Prompt: In the listing below, find the line with "Minimalist Border Foliage" and the line with "A front view". Repeat those two lines and all lines between them exactly.

Data excerpts:
____________________

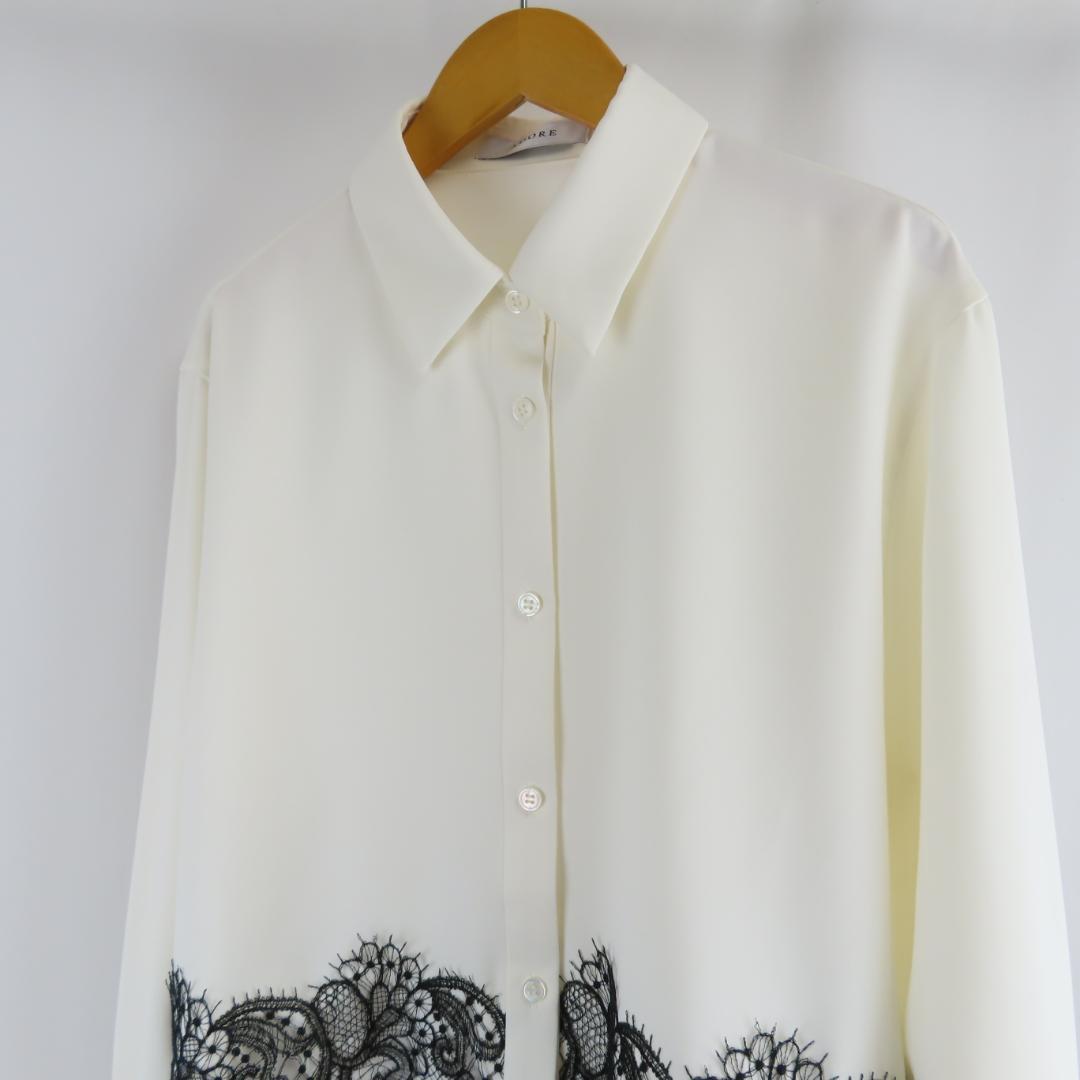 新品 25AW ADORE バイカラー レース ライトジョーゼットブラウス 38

____________________

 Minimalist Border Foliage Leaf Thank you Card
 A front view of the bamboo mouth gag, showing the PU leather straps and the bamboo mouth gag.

____________________

Solution to the exercise:
 Minimalist Border Foliage Leaf Thank you Card
 A front view of the bamboo mouth gag, showing the PU leather straps and the bamboo mouth gag.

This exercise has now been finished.